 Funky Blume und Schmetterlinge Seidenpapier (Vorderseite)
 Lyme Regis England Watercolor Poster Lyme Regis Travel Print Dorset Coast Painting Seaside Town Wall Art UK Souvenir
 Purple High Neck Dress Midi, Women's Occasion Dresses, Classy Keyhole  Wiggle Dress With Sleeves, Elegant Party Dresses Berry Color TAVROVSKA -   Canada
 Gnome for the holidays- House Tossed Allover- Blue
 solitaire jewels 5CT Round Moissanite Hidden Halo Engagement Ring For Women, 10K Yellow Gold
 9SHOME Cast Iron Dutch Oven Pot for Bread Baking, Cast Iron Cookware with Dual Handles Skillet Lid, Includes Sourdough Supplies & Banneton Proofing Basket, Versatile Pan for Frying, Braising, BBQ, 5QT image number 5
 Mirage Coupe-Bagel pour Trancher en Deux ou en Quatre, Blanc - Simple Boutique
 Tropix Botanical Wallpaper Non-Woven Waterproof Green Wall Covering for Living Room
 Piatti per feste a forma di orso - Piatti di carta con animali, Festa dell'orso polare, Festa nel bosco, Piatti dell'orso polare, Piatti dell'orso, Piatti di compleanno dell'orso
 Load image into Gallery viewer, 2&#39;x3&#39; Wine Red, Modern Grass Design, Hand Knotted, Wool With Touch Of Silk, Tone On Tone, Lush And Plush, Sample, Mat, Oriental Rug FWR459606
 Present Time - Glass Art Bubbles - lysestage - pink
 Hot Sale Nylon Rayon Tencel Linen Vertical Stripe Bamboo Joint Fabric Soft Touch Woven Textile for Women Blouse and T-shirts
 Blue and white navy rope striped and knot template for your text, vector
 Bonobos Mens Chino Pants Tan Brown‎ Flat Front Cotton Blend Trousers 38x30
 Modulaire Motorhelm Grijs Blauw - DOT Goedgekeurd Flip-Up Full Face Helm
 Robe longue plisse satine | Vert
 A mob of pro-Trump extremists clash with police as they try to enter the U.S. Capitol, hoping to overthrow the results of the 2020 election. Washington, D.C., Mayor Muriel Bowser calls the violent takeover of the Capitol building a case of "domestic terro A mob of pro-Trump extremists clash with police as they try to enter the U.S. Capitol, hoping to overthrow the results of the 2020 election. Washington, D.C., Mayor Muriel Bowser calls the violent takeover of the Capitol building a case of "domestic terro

-*-

Instructions for the task:
Using the material above, transcribe exactly the lines from the line with "Lyme Regis England" to the line with "Gnome for the"; both count, and nothing else goes in.

Answer:
 Lyme Regis England Watercolor Poster Lyme Regis Travel Print Dorset Coast Painting Seaside Town Wall Art UK Souvenir
 Purple High Neck Dress Midi, Women's Occasion Dresses, Classy Keyhole  Wiggle Dress With Sleeves, Elegant Party Dresses Berry Color TAVROVSKA -   Canada
 Gnome for the holidays- House Tossed Allover- Blue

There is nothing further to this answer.